Tuesday, July 16, 2013

If you love someone, write a review


Last month I posted on another blog about a very important topic. Today, I'd like to revive that post here.

I’d like to chat a bit about love. Love of a book, to be precise. We all can name at least one book we absolutely love, right? We’re all book lovers here, so I imagine that for most of you, favorite isn’t a title it’s a category. I have so many favorite books I couldn’t begin to name them all. I’m betting most of you are the same.

So let me ask, when you love a book so much that you can’t stop thinking about it and you have book hangover for days, what do you do about it? Do you tell everyone you know? Again, I bet a lot of you do. Some of you might even tweet the author or write him an email or like her Facebook page. But how many of you write a review? I’m not just talking about clicking 5 stars on Amazon or Goodreads. I mean write a review with words and descriptions about exactly what you liked about the book.

I’m guessing most of you do not.

Until I started writing seriously, I never wrote reviews. It never occurred to me because who would even care about what I had to say?

Here’s the thing I didn’t know until recently when my writer friends started getting books published. I’m going to bold this because it’s the whole point of my post. Writing a review is the number one best way to tell an author you loved their book.

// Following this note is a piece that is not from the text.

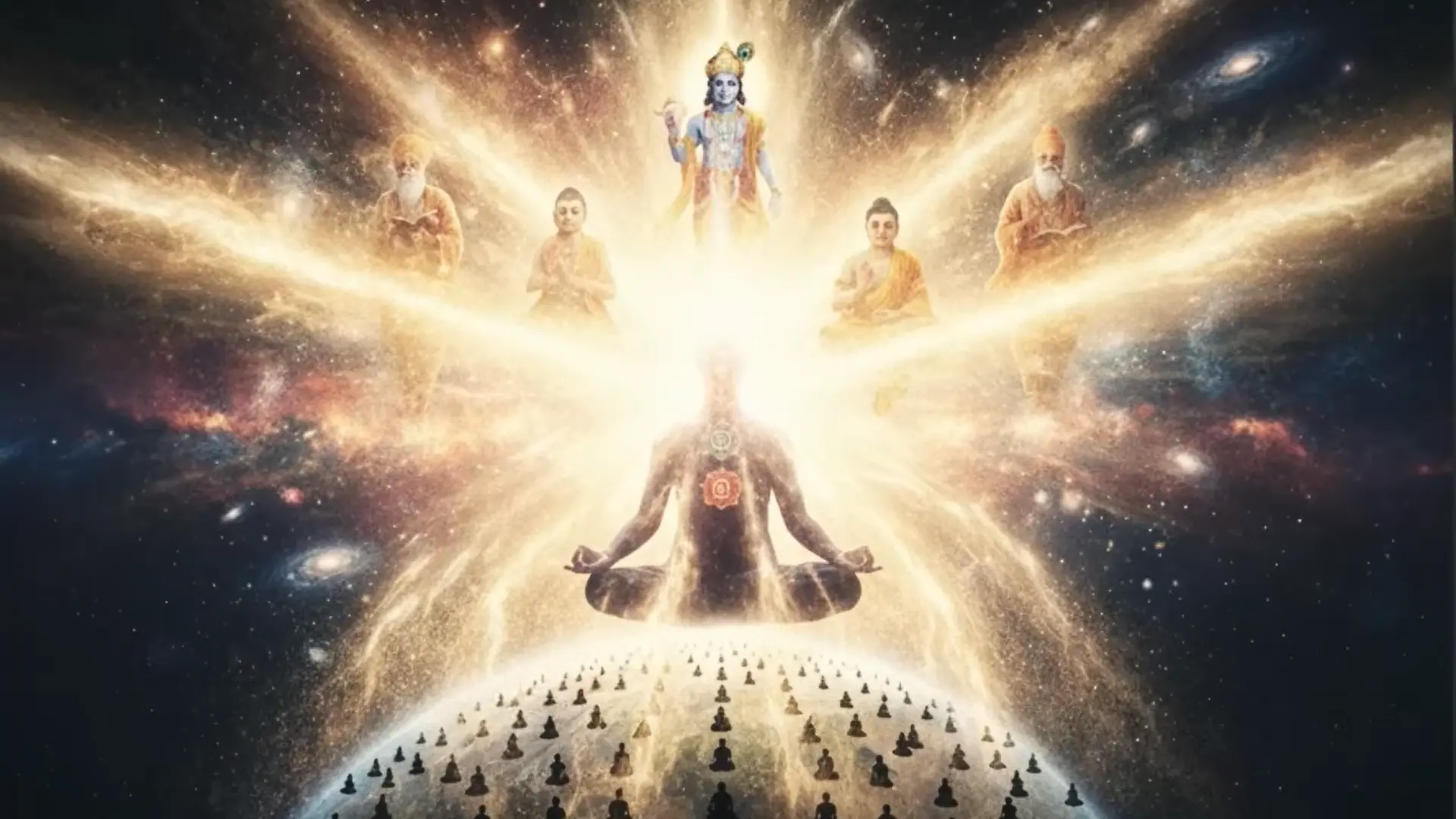 सहस्रार तक पहुँचना मुश्किल है,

It’s not because writers are dying for validation and happy words written about them (though we do love that too). It’s because sites like Amazon and Barnes and Noble and Goodreads place books with more reviews more prominently on their website. In other words, a book with lots of reviews will be seen more (and probably purchased more) than a book with no reviews. For writers with a huge following, your little review might not make a bit of difference. But for newbies such as myself and even your average run of the mill authors who have been around awhile, your review can absolutely change how successful a book is. Even a three sentence review counts.

Maybe it seems crappy and greedy to talk about helping an author get sales, but the truth is, most authors do not make enough money to make a living at it. It’s a second job. For me, it’s a third job. For people like me, every sale counts. And the more reviews writers like me get, the more likely I’ll get seen. The more likely I’ll get a sale and I’ll get to keep writing for people like you.

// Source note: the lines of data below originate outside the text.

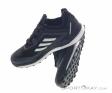 adidas Terrex Agravic Flow Mens Trail Running Shoes, adidas Terrex, Black, , Male, 0359-10093, 5637898386, 4064036896293, N3-08.jpg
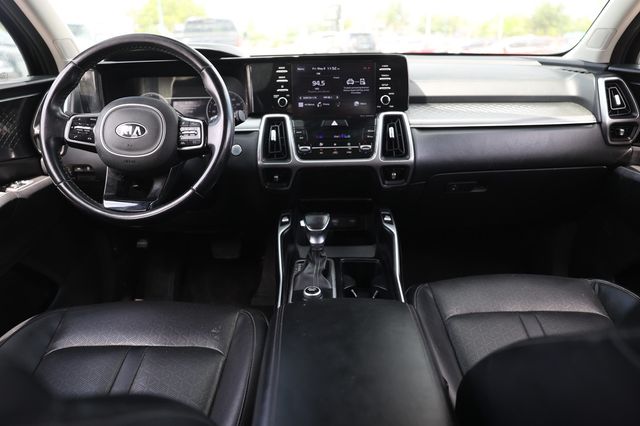 2021 Kia Sorento S FWD - 23016245 - 23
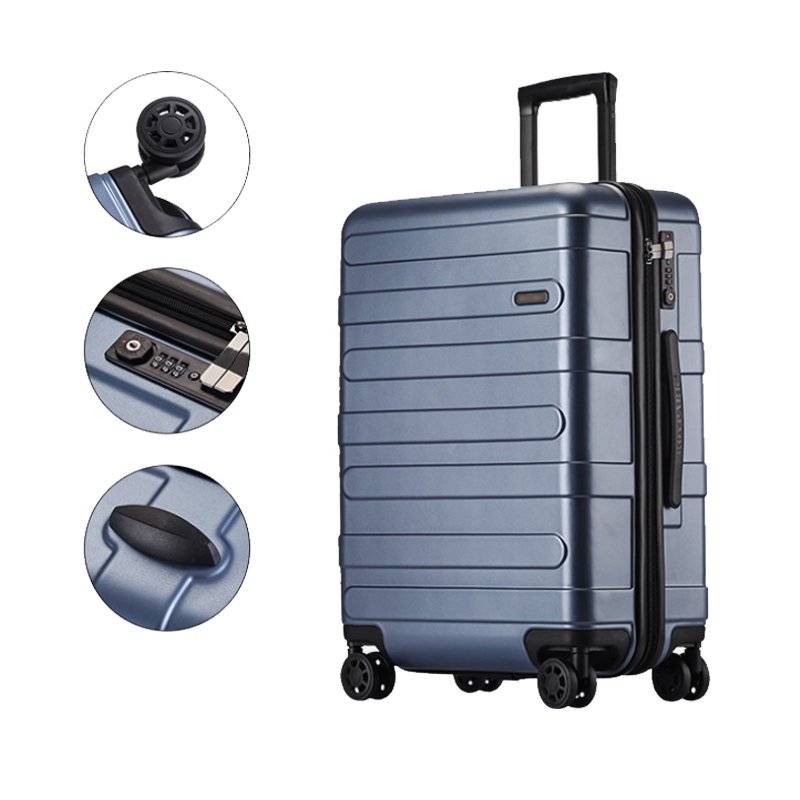 Roka polycarbonate suitcase factory in China,Roka polypropylene luggage factory in China,Roka ABS trolleycase luggage factory in China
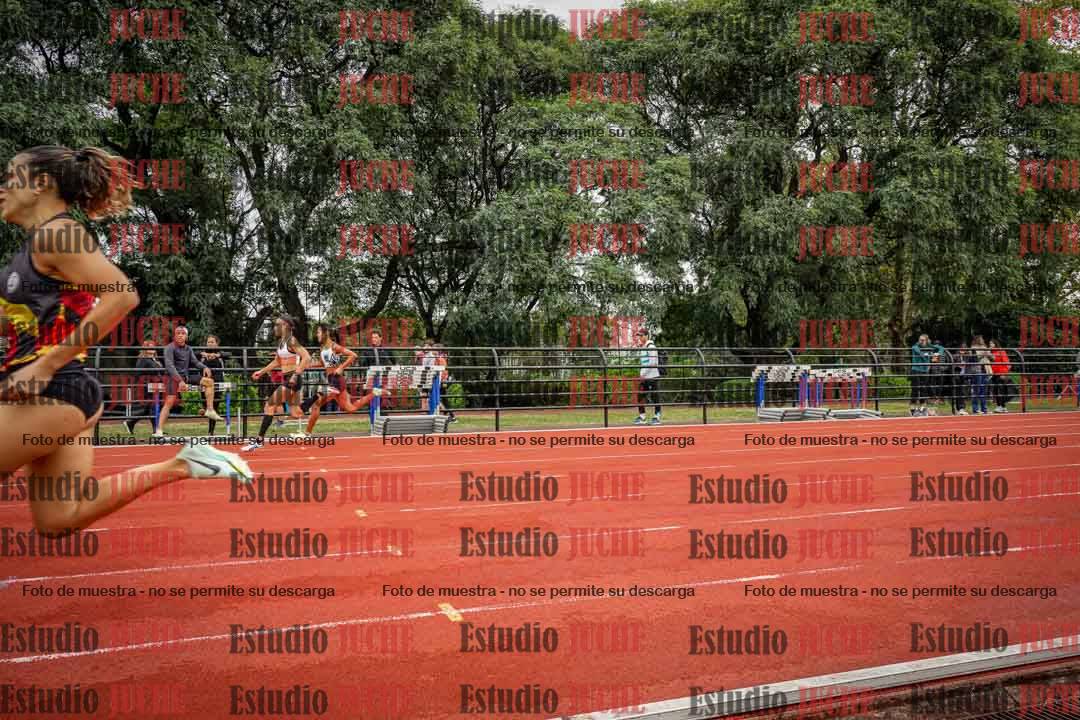 Fotos de los 100 m llanos de mujeres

For those of you who write reviews on a regular basis, THANK YOU! Thank you to all you bloggers who write reviews all the time. Thank you for making it possible for writers to continue giving you the words you love.

And for those of you who’ve never written a review, we authors love you too. For buying our books and telling your friends. But we’d also like to ask, if you really loved a book, please consider taking a moment to tell us by writing a review.